Exercise aim = Among the entries below, only the lines starting at the one with "clio4 intense tout options" and ending at the one with "2024 CAN-AM OUTLANDER", both included, are to be printed exactly.
---- Provided data
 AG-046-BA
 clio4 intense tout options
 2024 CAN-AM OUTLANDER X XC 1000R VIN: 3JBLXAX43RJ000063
--------
---- Provided data
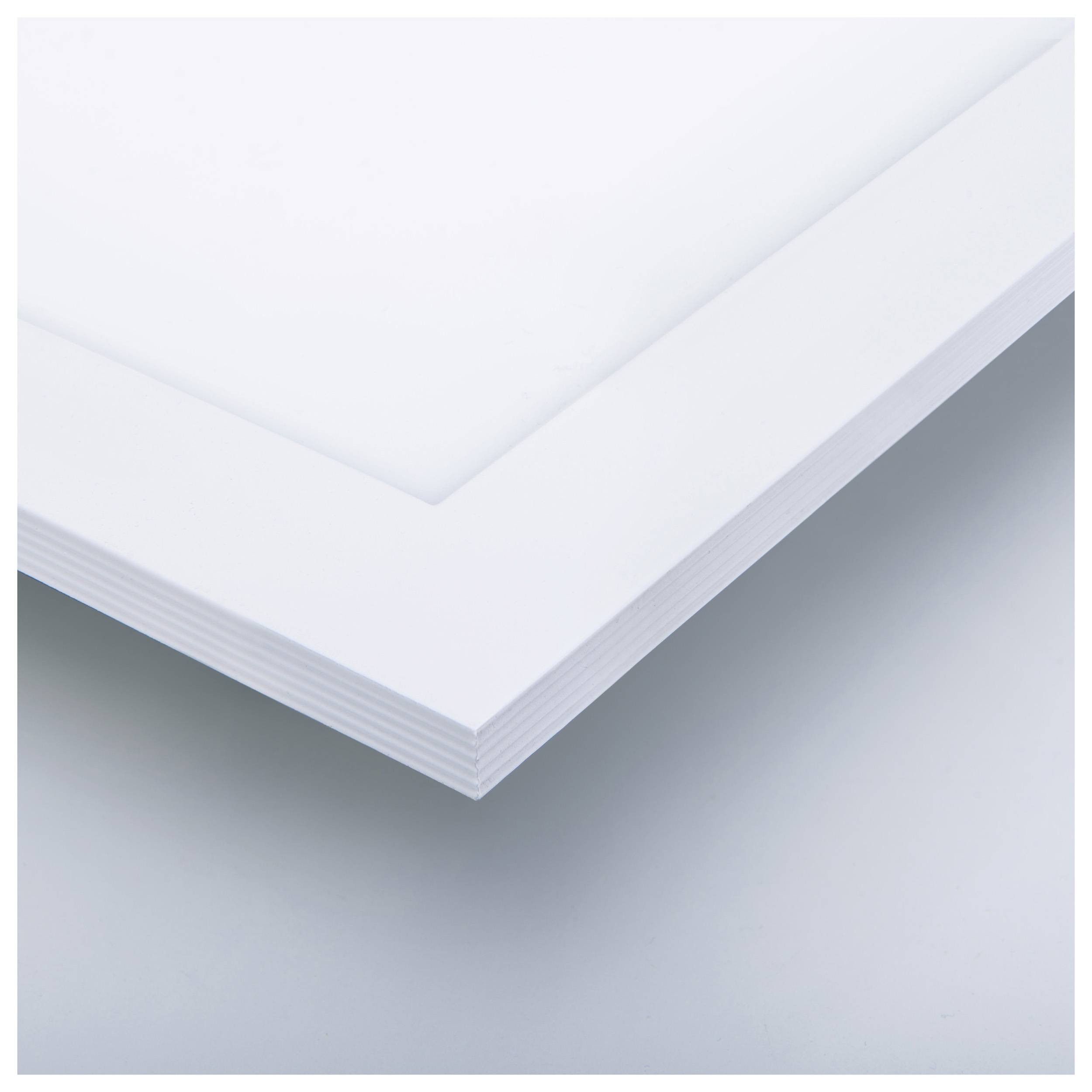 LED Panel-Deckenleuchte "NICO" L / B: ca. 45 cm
--------
Exercise result =
 clio4 intense tout options
 2024 CAN-AM OUTLANDER X XC 1000R VIN: 3JBLXAX43RJ000063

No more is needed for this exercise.